Ultimately though your ball bounces off the biggest bumper on the playing field labeled “Ruen Brothers”. These young English guitar-playing guys from Scunthorpe have taken their influences and spun them into something new, refreshingly aggressive and bracing, yet not at all menacing. The melodies are old-school big, the drama is high, yet the mood insists on playfulness.

If the title tune doesn’t pump your adrenalin and get various hairs standing on your body, then “Motor City” will and if that doesn’t, side two’s opener “Aces”, with its “Watch That Man” opening and repeated riff, will! If not, you’ve likely been the whole time on life support and not capable of paying attention.

I don’t know which brother does most of the singing, but he’s got a forceful, pure, laser-focused voice that pleasingly tears right through you. It quickly becomes addictive. This is one of the few new records I find myself repeatedly playing. After years of whiny, self-absorbed, over-sensitive white dudes, I can’t get enough of these guys, who cut directly through the bullshit!

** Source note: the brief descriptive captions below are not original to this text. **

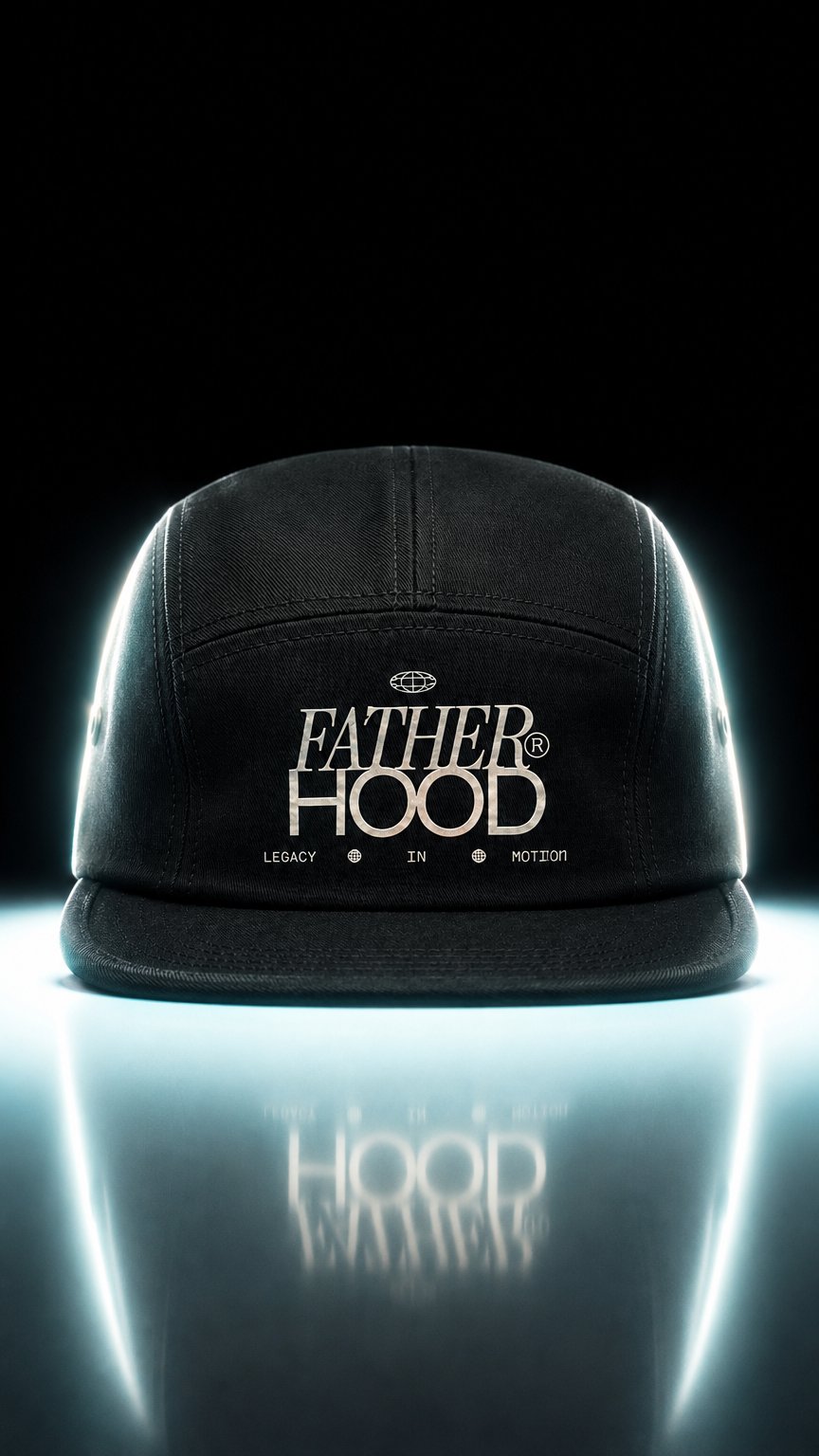 AI product shot of The Legacy Cap - Midnight Black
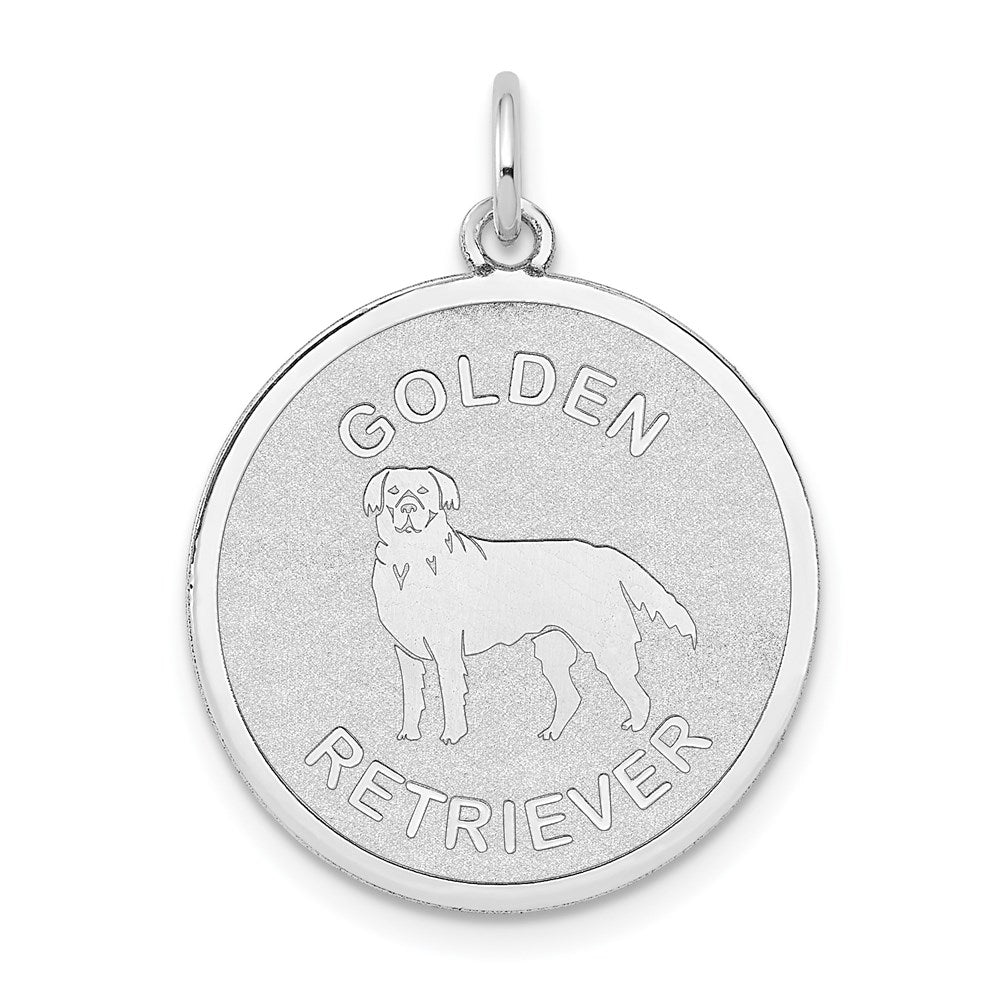 14k White Gold 20 mm Polished Engravable Golden Retriever Disc Charm (1.03 grams)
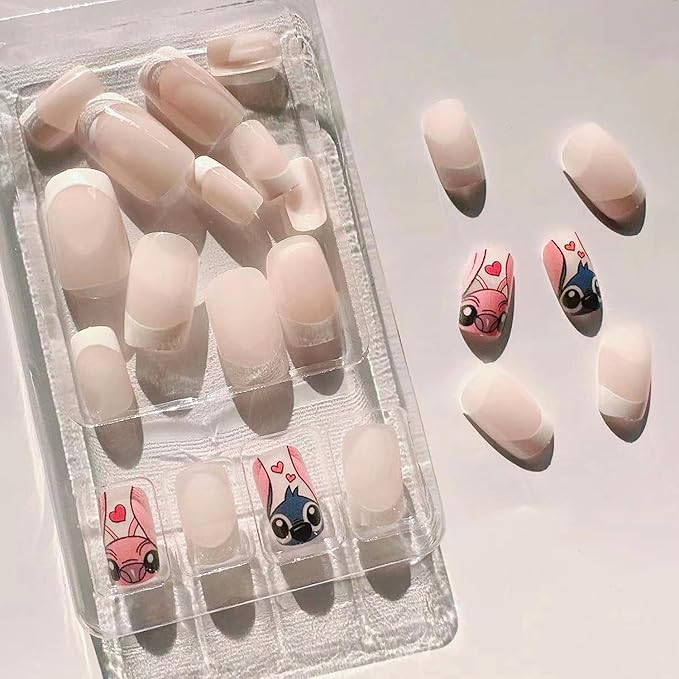 French Tip Press on Nails Short Square Cute Fake Nails with Cartoon Design French Nails Tips Full Cover Glossy Stick on False Nails for Women Party DIY Decor 24Pcs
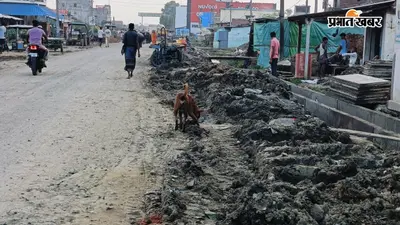 हनवारा में नाली निर्माण की खुदाई के बाद सड़क किनारे छोड़ी मिट्टी,उड़ती धूल से राहगीर परेशान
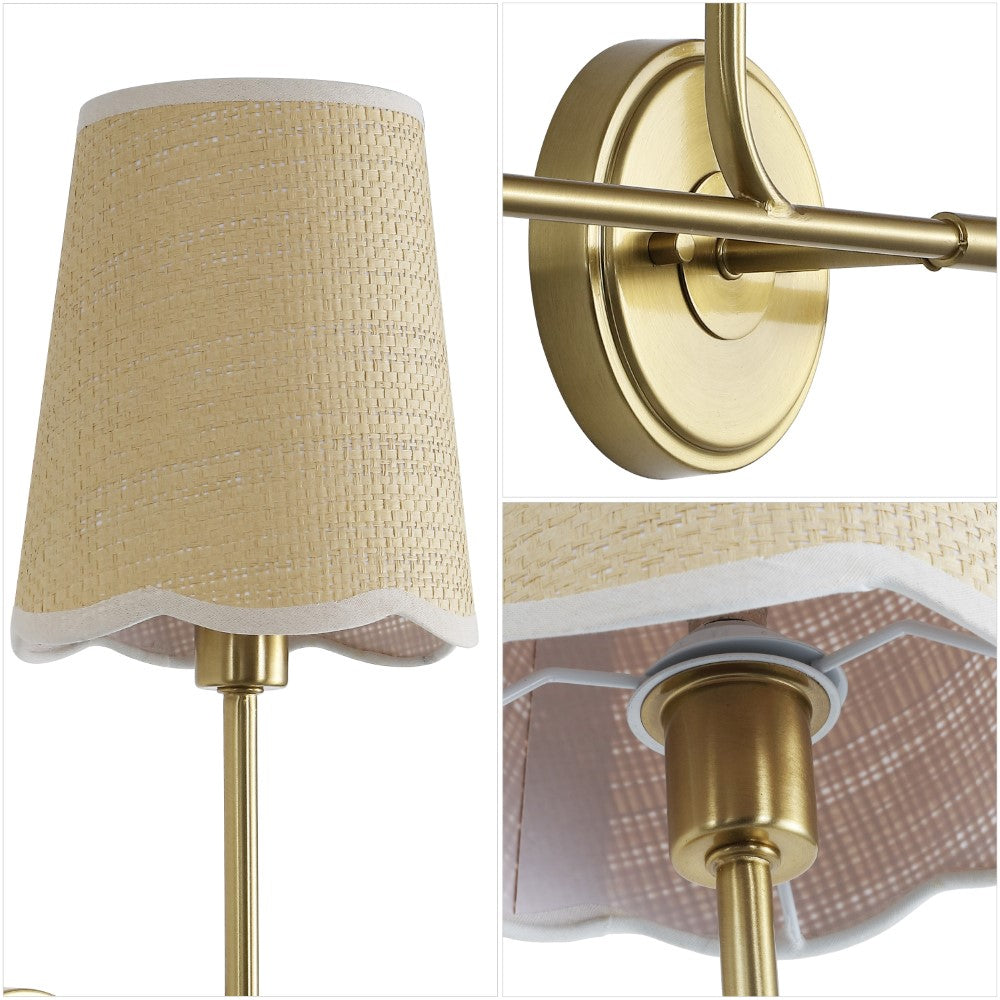 Aspen Traditional Coastal Scalloped Fabric Shade/Metal LED Vanity Light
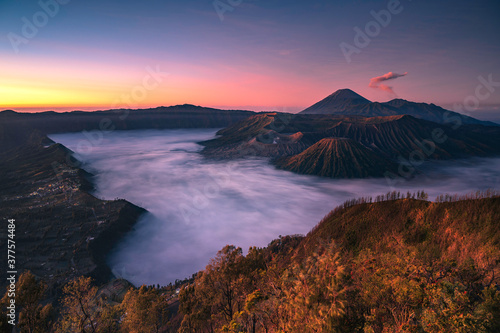 Beautiful landscape of Mount Bromo during sunrise in Bromo Tengger Semeru National Park, East Java, Indonesia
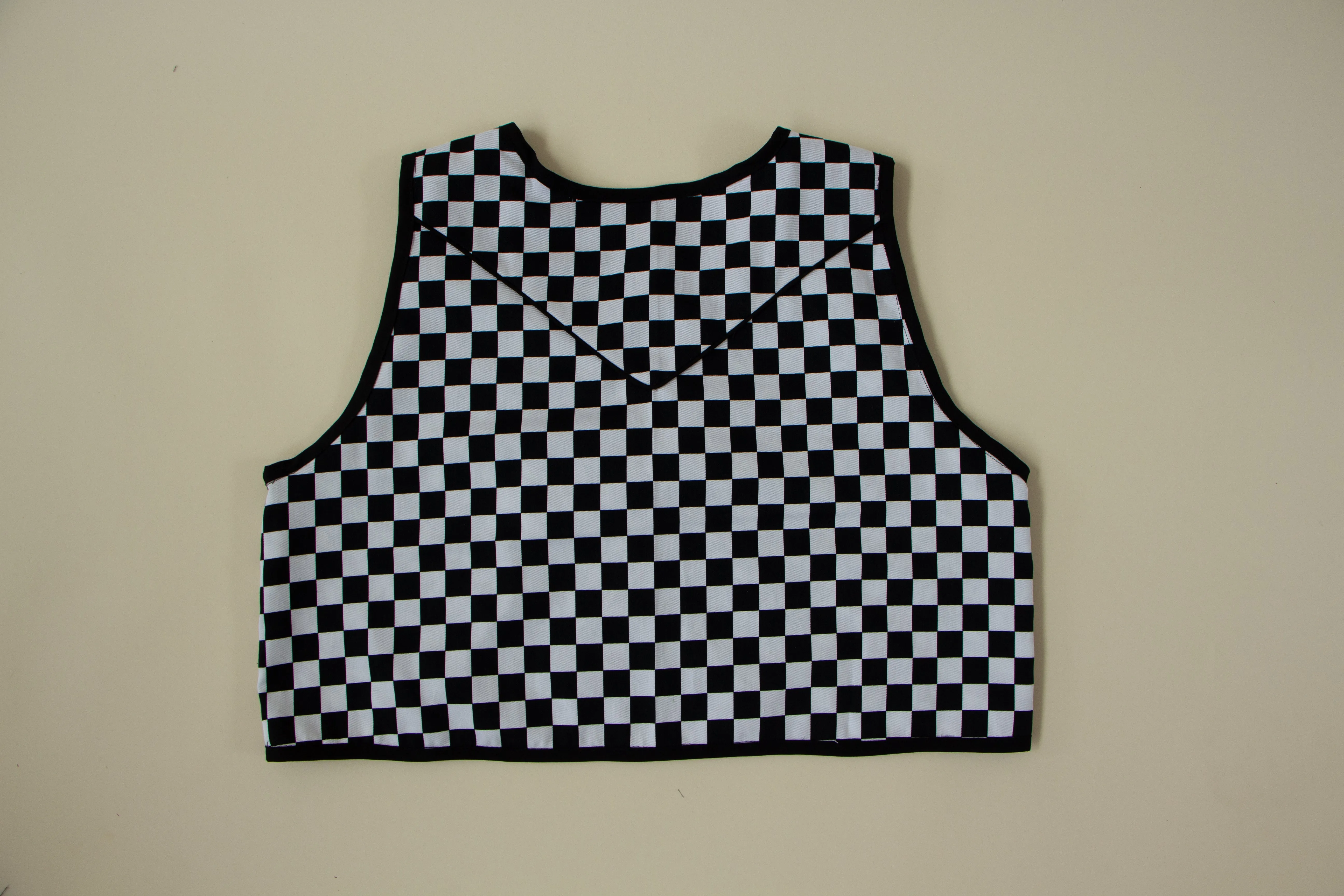 Black & White Checkered Vest with Buttons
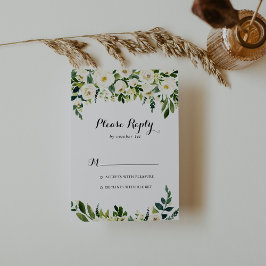 Grüne Weißer Herbst Blumenkalligraphie UAWG RSVP Karte
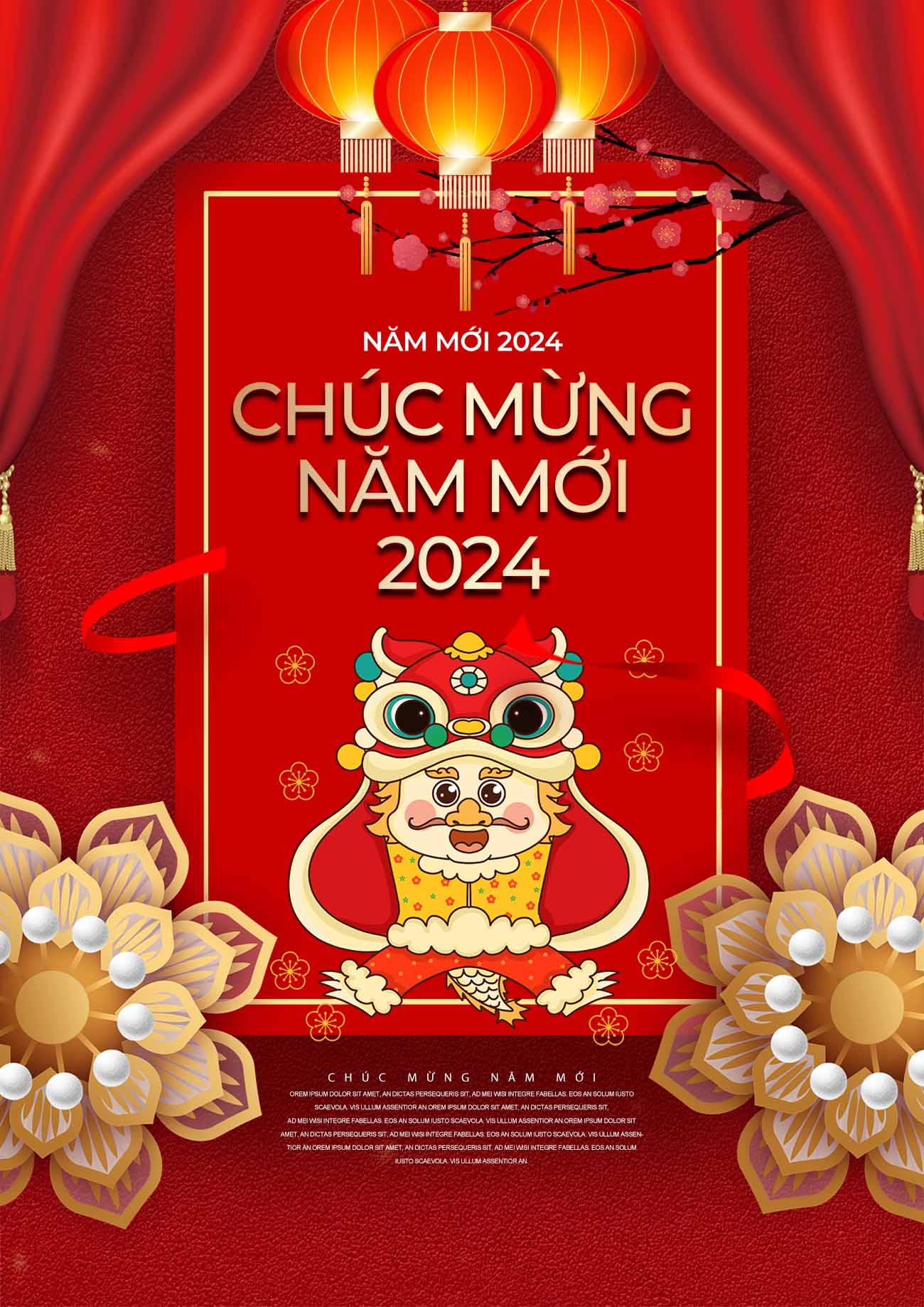 Poster chúc mừng năm mới mẫu 11 PSD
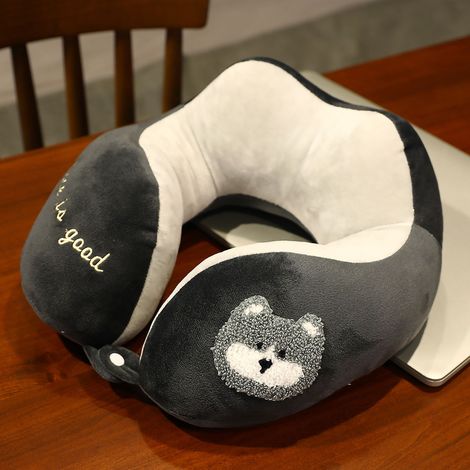Cuscino da collo a forma di U, stile carino, in cotone PP felpato, elastico, portatile, per viaggi, casa, ufficio, cane, 30x30 cm (1/5)
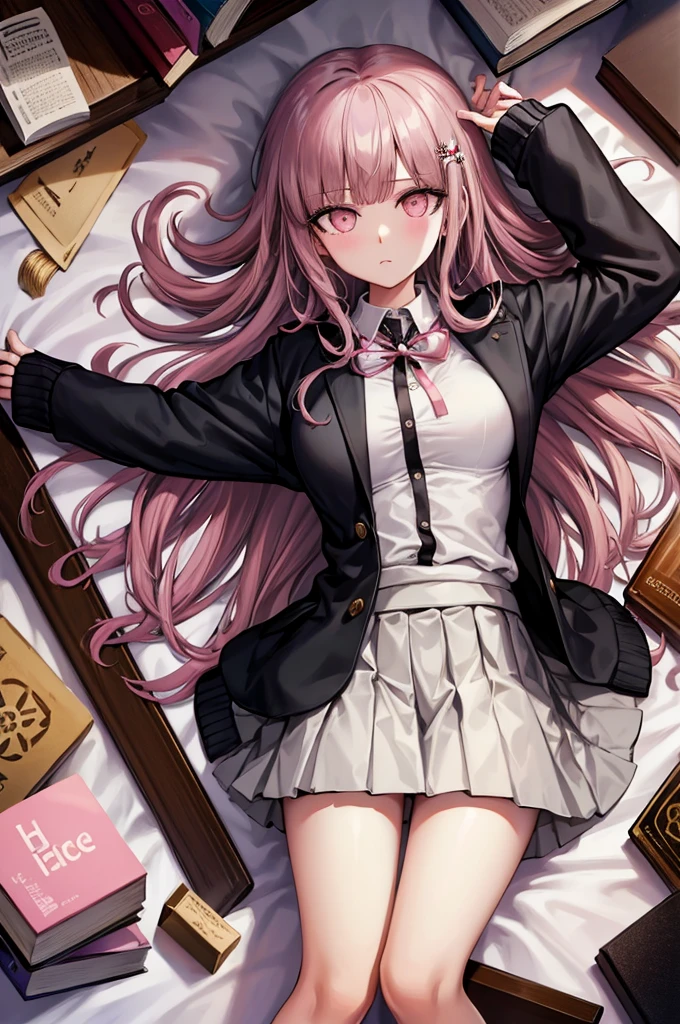 black jacket, open clothes, long sleeves, white skirt, pleated skirt, books lying around, bedroom, cream hair, tall, high stockings, hair ornament, pink ribbon, looking at viewer, medium hair, lying on back, arms up, on bed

Rick Rubin found the duo, signed them to Republic Records and brought them, back in 2014, to Shangri-La Studios where this was produced using a live band featuring Red Hot Chili Peppers’ drummer Chad Smith, Small Faces’ Ian McLagan, The Killers’ guitarist Dave Keuning and no click track to put a governor on their exuberance.

Not surprisingly, the production is smart and ear-catching. Listen to how Rubin uses the echo buss to create an unearthly environment for the background singers on the album’s only cover, Hank Cochran’s “Make the World Go Away”. You can hear Rubin advising the brothers to include at least one calmative ballad that’s smartly placed after the rousing title tune.

And not surprisingly Rick, as he often does, lays a heavy hand on Shangri-La’s compressors. I wish for just this one he’d have laid off it! The results are loud but don’t let that stop you from picking this up. It still sounds great even squashed to within an inch of its life.

Highly recommended!

Music Direct Buy It Now

COMMENTS
Anton D's picture

I was all-in up until you saved me from unhappiness by mentioning the compression.

I’m not being an audiophile about it, it’s just that listening to these over compressed things remind me of TV commercial sound and turns me away.

Please tell Rick that if he’s gonna make an LP pressing, let it breathe!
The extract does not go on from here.